Task:
Could you give back exactly the lines below from the one with "It's quite a" through the one with "Good day everyone!", without a single picture?

Records to process:

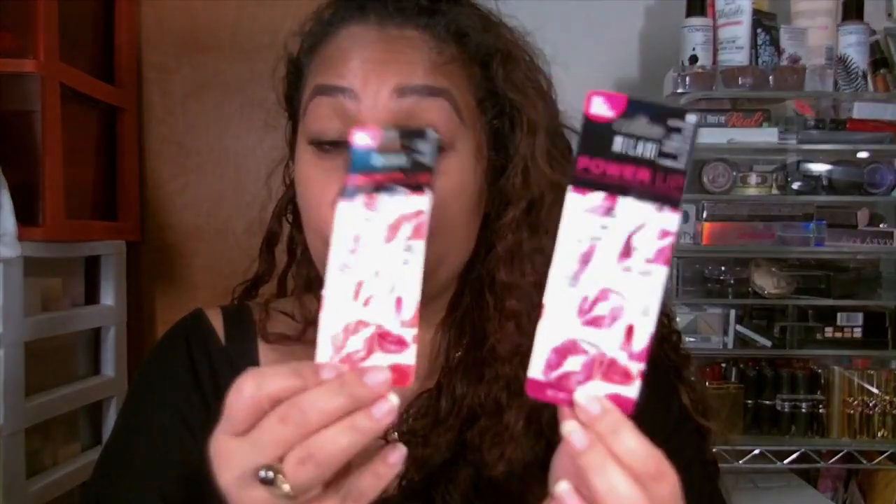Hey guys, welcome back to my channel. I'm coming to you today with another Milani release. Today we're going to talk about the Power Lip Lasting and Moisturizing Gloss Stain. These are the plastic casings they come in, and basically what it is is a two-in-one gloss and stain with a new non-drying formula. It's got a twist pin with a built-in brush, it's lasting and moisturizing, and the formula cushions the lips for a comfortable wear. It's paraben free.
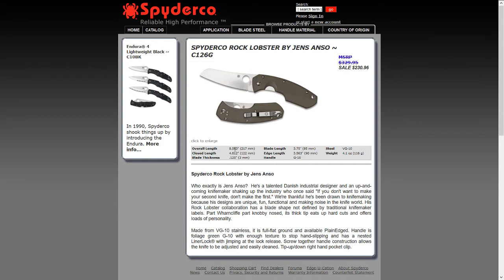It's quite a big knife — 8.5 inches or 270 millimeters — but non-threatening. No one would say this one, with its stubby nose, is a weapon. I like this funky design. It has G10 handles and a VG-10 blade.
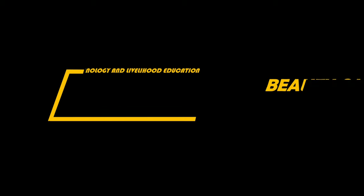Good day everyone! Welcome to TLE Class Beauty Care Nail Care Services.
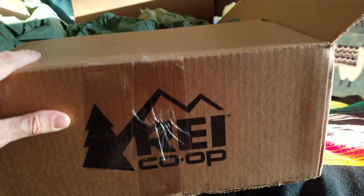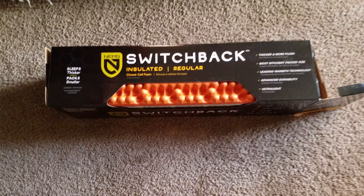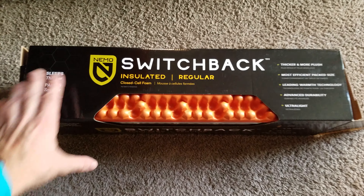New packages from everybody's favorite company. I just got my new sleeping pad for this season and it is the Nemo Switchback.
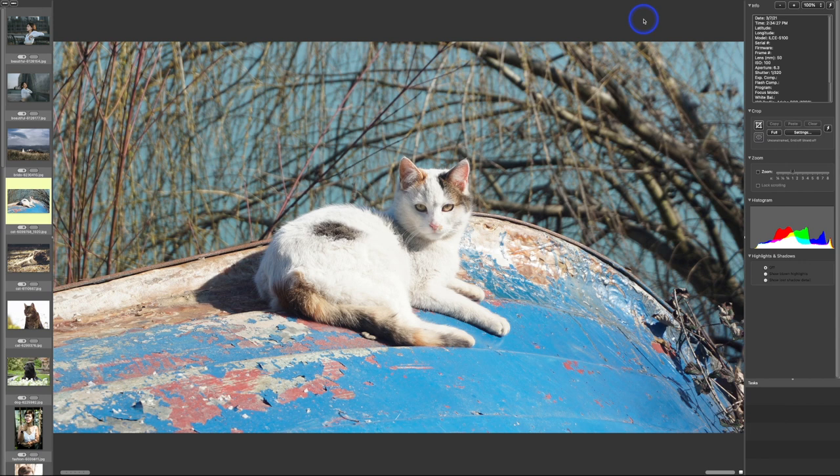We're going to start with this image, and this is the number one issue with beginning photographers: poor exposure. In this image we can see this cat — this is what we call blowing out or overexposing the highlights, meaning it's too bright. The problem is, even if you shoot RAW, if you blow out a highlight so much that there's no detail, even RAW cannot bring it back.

==

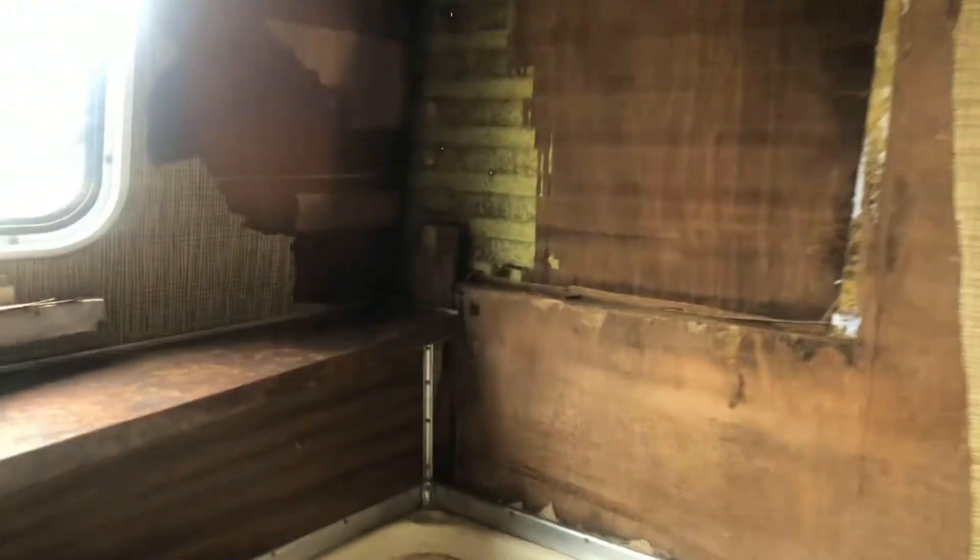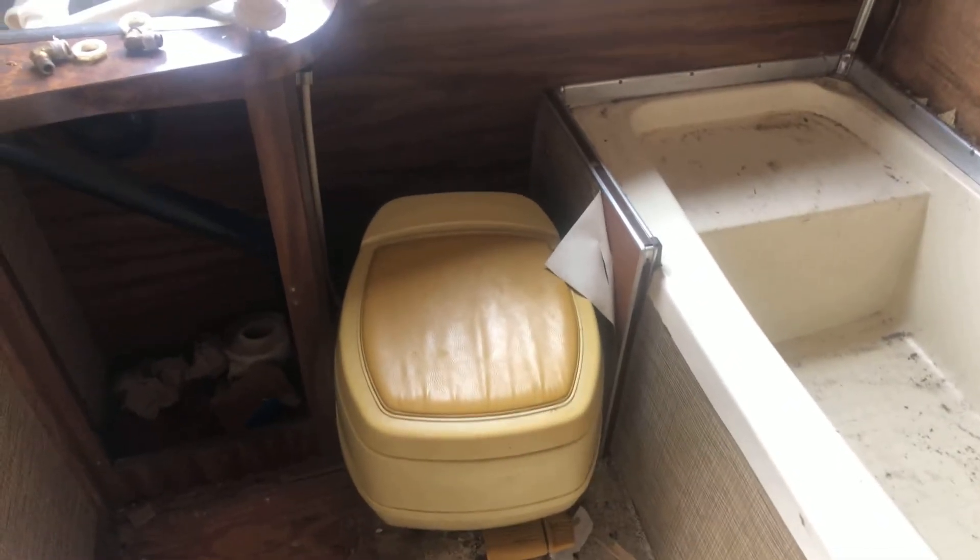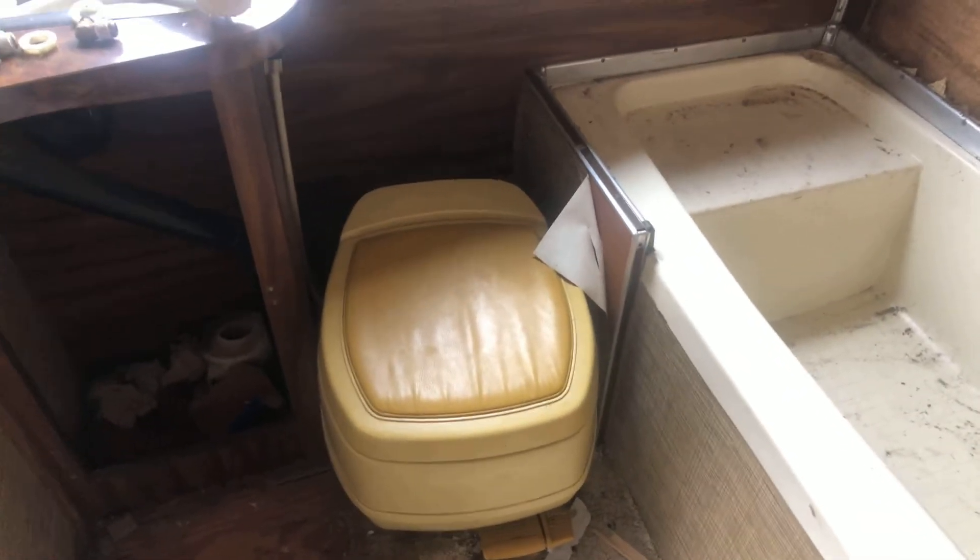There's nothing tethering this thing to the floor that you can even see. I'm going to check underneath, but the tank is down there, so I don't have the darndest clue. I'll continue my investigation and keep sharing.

Answer to the exercise:
It's quite a big knife — 8.5 inches or 270 millimeters — but non-threatening. No one would say this one, with its stubby nose, is a weapon. I like this funky design. It has G10 handles and a VG-10 blade.
Good day everyone! Welcome to TLE Class Beauty Care Nail Care Services.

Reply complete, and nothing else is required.